# Knockhill SMRC & SLS 26th May



## John-R- (Feb 4, 2007)

Managed a trip to Knockhill this weekend, first this year.
Managed a few shots from the hairpin of the SMRC and SLS stuff, SLS is like Time Attack.
Strangely though it was a reverse circuit today so made things interesting for a few drivers!


----------



## Mixman (Dec 18, 2007)

Some great shots of some very nice cars :thumb:


----------



## John-R- (Feb 4, 2007)

Missed one :wall:
Loads more to edit if I get the time 



Cheers
John


----------



## RobDom (Oct 26, 2005)

Good to see Charlie Shaw out in the Focus Cosworth!


----------



## John-R- (Feb 4, 2007)

RobDom said:


> Good to see Charlie Shaw out in the Focus Cosworth!


54.6 Second lap in the reverse circuit!!!

Thing is mental!!

John


----------



## Kerr (Mar 27, 2012)

Good pictures. 

Does the Focus still blitz everything else on track? 

The car is far too fast for the competition.


----------



## Kerr (Mar 27, 2012)

John-R- said:


> 54.6 Second lap in the reverse circuit!!!
> 
> Thing is mental!!
> 
> John


It's rapid on the straights.

The laptimes it posts aren't so impressive when you see other cars that are faster.


----------



## John-R- (Feb 4, 2007)

Kerr said:


> Good pictures.
> 
> Does the Focus still blitz everything else on track?
> 
> The car is far too fast for the competition.


In the SMRC class, yes, in SLS there are a few EVO's not too far behind and one of the RA developments Impreza's too.

John


----------



## John-R- (Feb 4, 2007)

Kerr said:


> It's rapid on the straights.
> 
> The laptimes it posts aren't so impressive when you see other cars that are faster.

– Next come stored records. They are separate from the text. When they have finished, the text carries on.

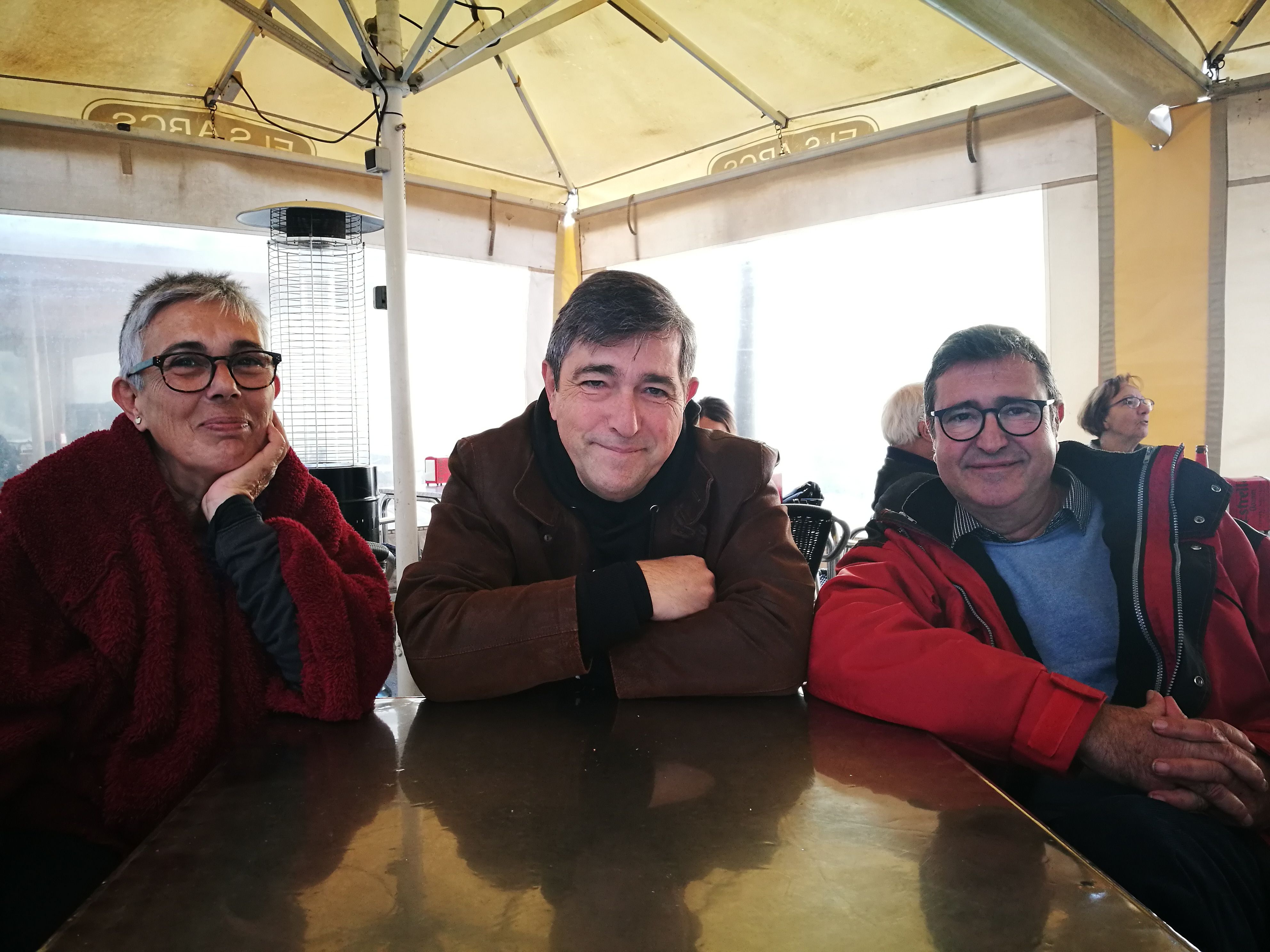 Rosa Maria Vergara, membre del projecte solidari, Jordi Peiró, president del CEF Can Mir i l'entrevistat, Xavi Mas. FOTO: Redacció: Rosa Maria Vergara, membre del projecte solidari, Jordi Peiró, president del CEF Can Mir i l'entrevistat, Xavi Mas. FOTO: Redacció: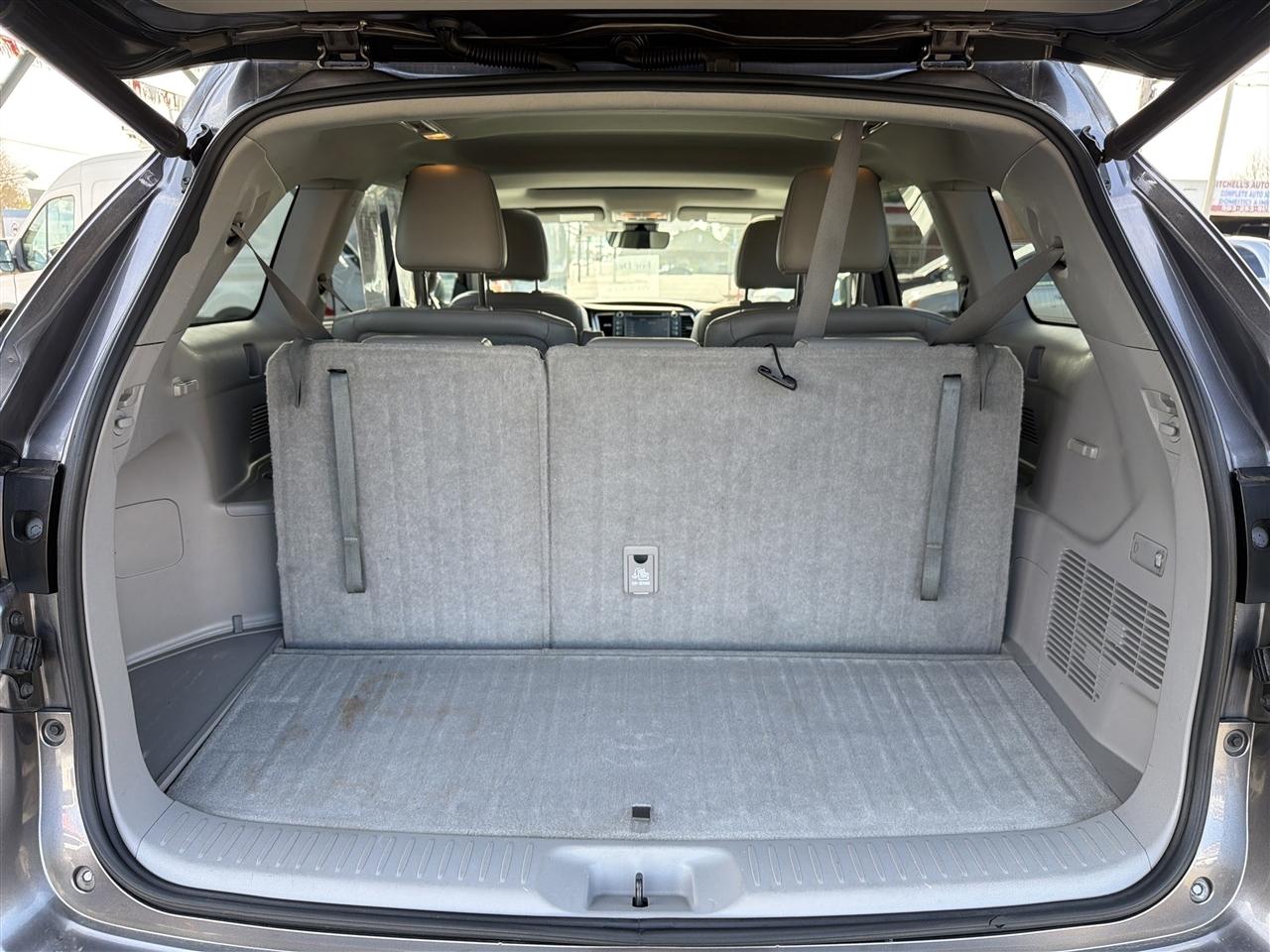 Toyota Highlander XLE AWD V6 2019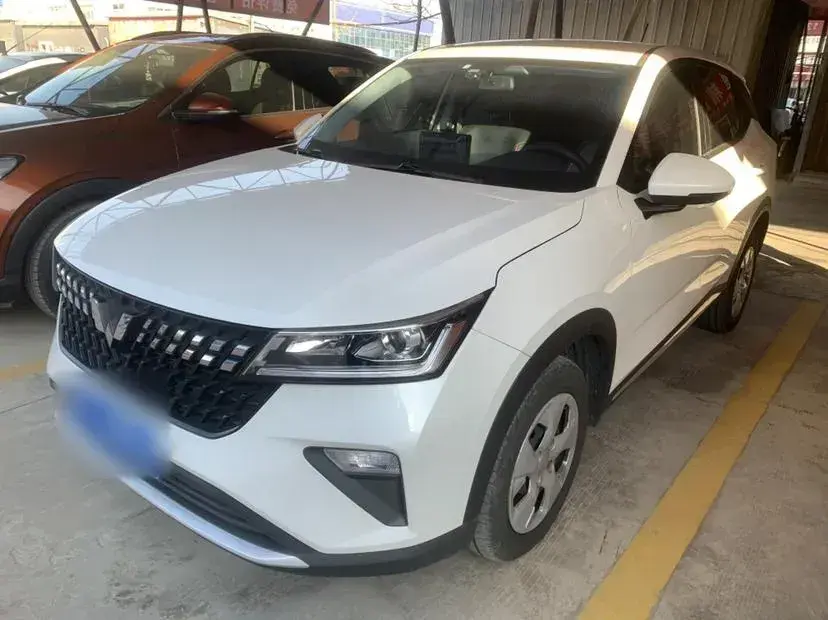 2022 WuLing XingChi 1.5L 99HP L4 6MT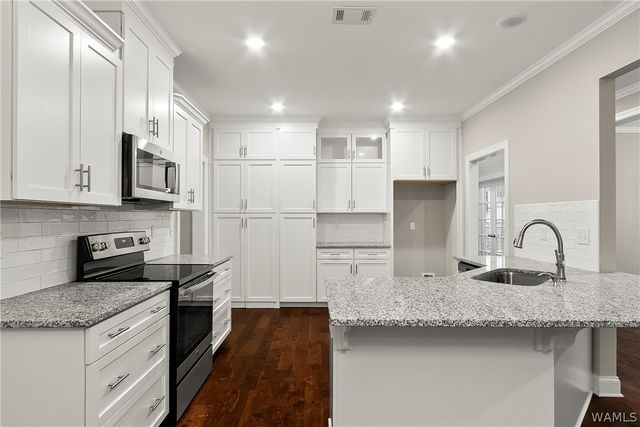 4200 Churchill, Tuscaloosa, AL 35406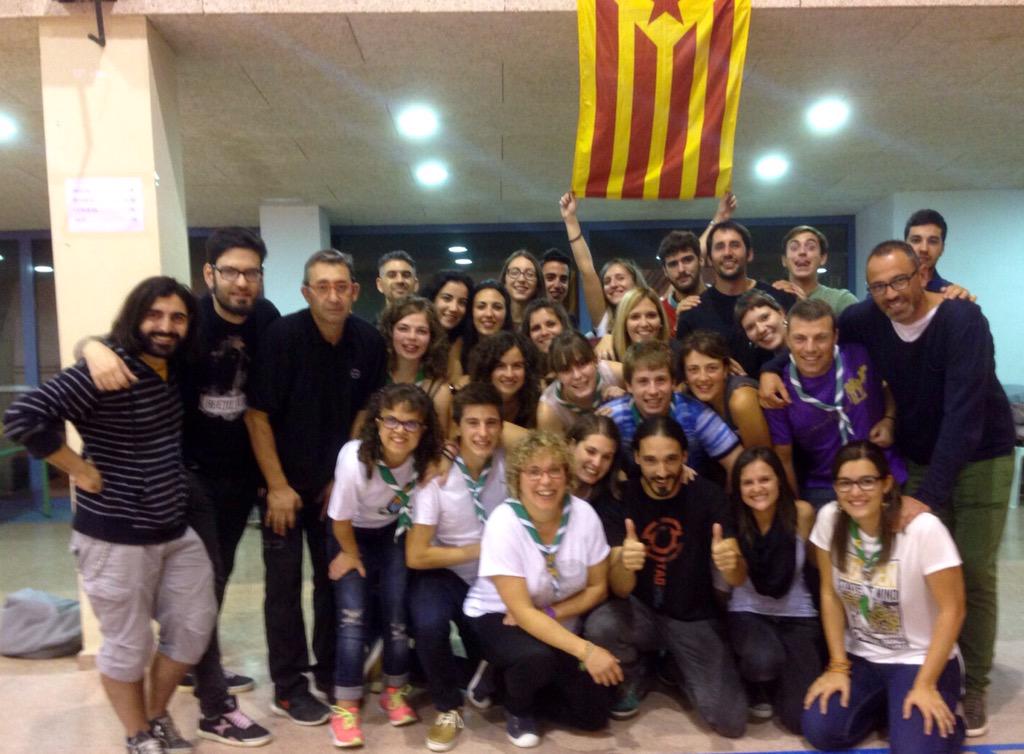 colborreda's tweet photo. Ahir vam acabar un gran dia amb els Old Star! Avui, a les 13.30h seguim amb el dinar al Pavelló! #enfem40 http://t.co/6TQ2IdjDsI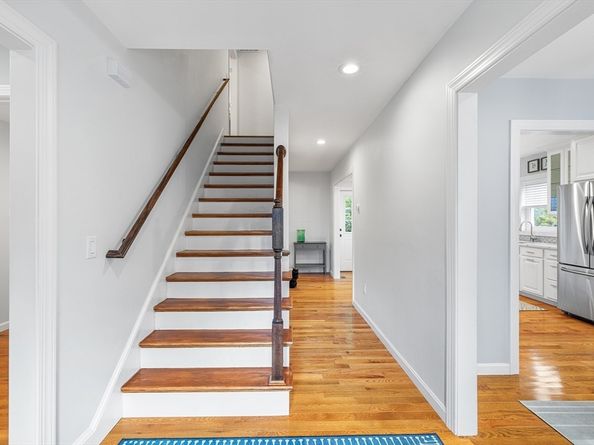 4 E Charles St, Milford MA 01757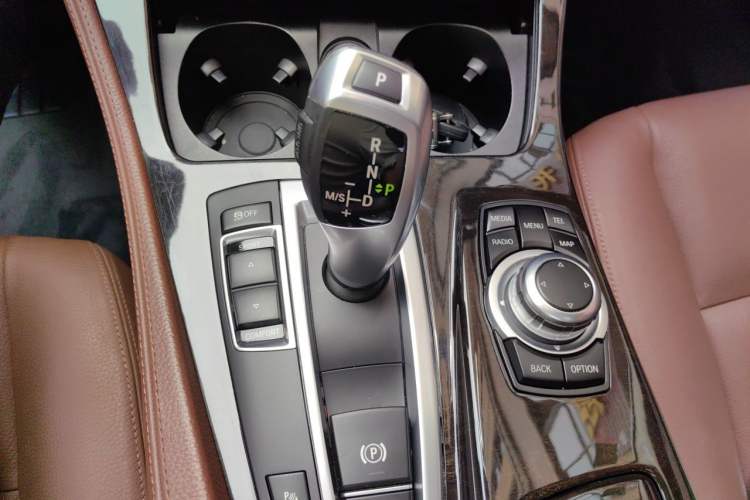Used BMW 5 Series 2017 525Li Leading Model Gear Lever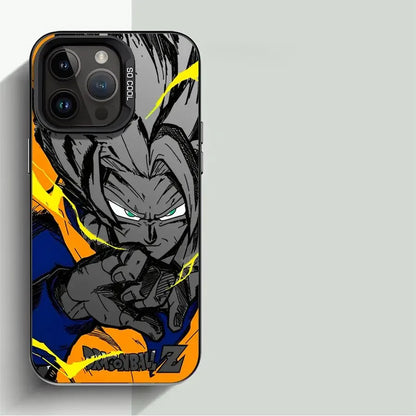 Coque iPhone Dragon Ball Z avec illustration de personnage au regard intense et effets d'énergie jaune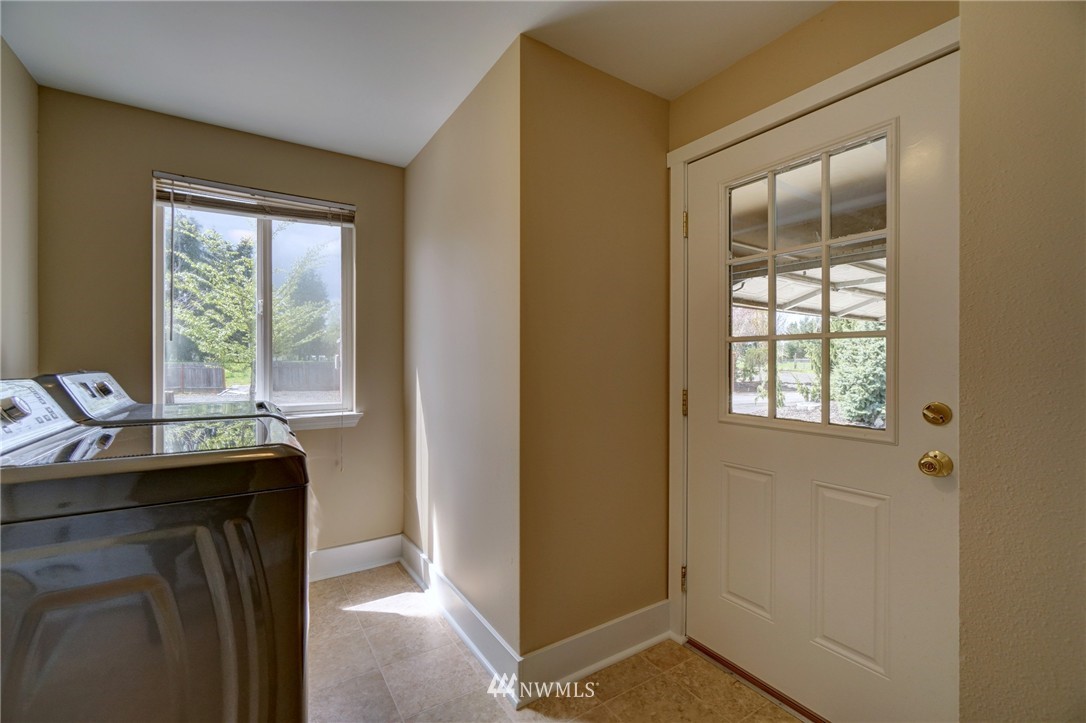 4333 Fir Tree Road Southeast Olympia, WA 98501 - Photo 9 of 23 Gallery Image 9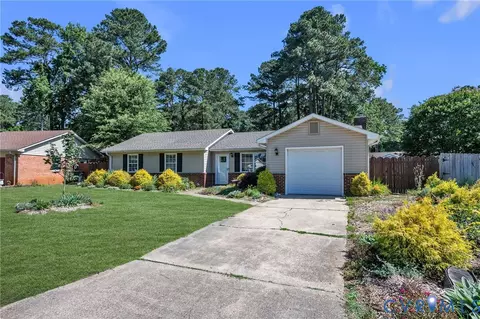 432 Courtney Arch, Virginia Beach, VA 23452
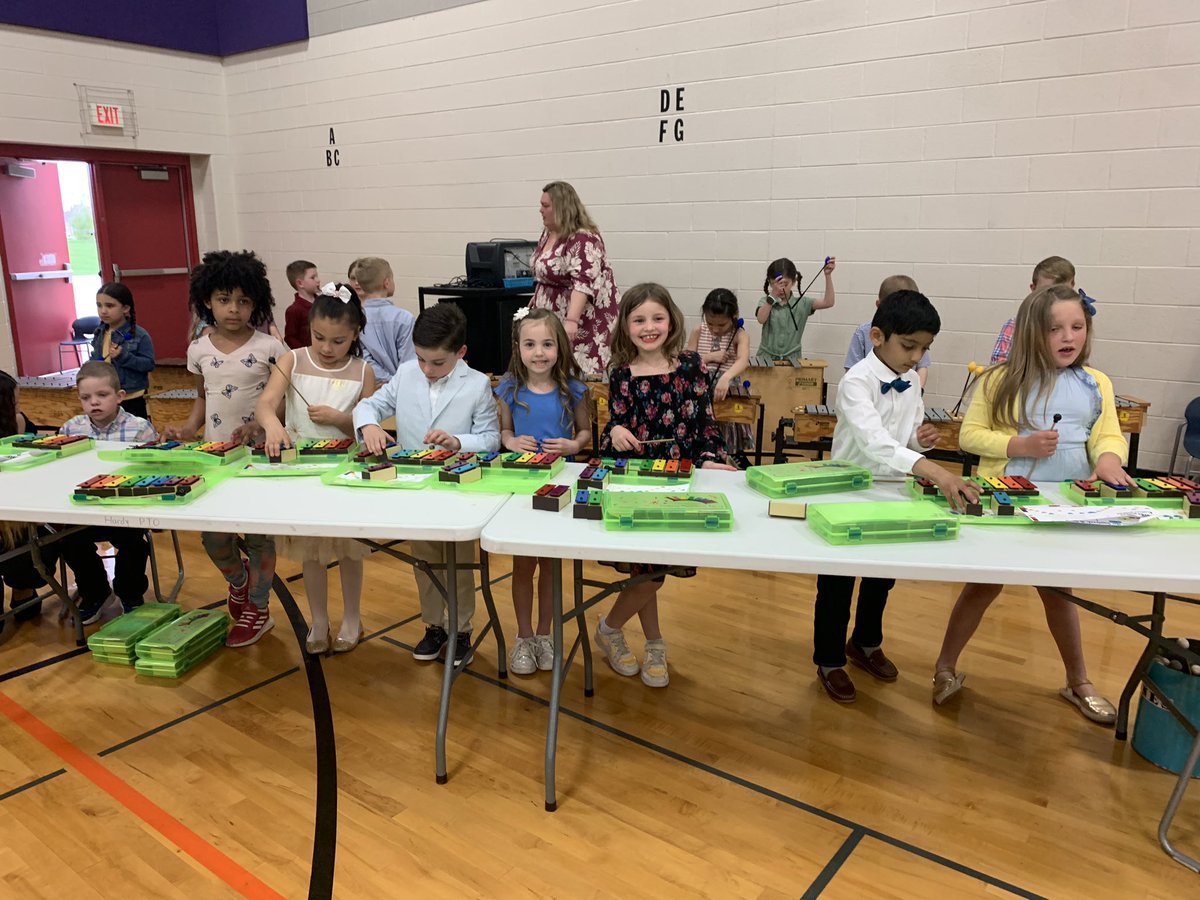 Y4HardyFirst's tweet photo. Great job tonight, first grade musicians! 🎶 https://t.co/pPuawzuKtR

True the Morrisons Seat is probably a good bit quicker through the bends than the Focus and the Escort Cossie but they two are way quicker on the straights due to the pure power they've got.

John


----------



## s29nta (Mar 9, 2013)

I remember watching the 2 AG focus's at oulton on a track day- awesome and was at ford fair at silver stone when Andrew crashed his, up to then he was giving it loads I was loving it:thumb: good pics by the way:thumb:


----------



## John-R- (Feb 4, 2007)

A few more, road legal cars are welcome too :doublesho



The reverse layout meant some 3-wheeled fun 







Plenty of EVO's and Impreza's in the various classes,













John


----------



## evojkp (Jun 28, 2007)

nice shots John, I've not managed to get up to Knockhill this year so far, need to make more of an effort now I'm on 2 and 3


----------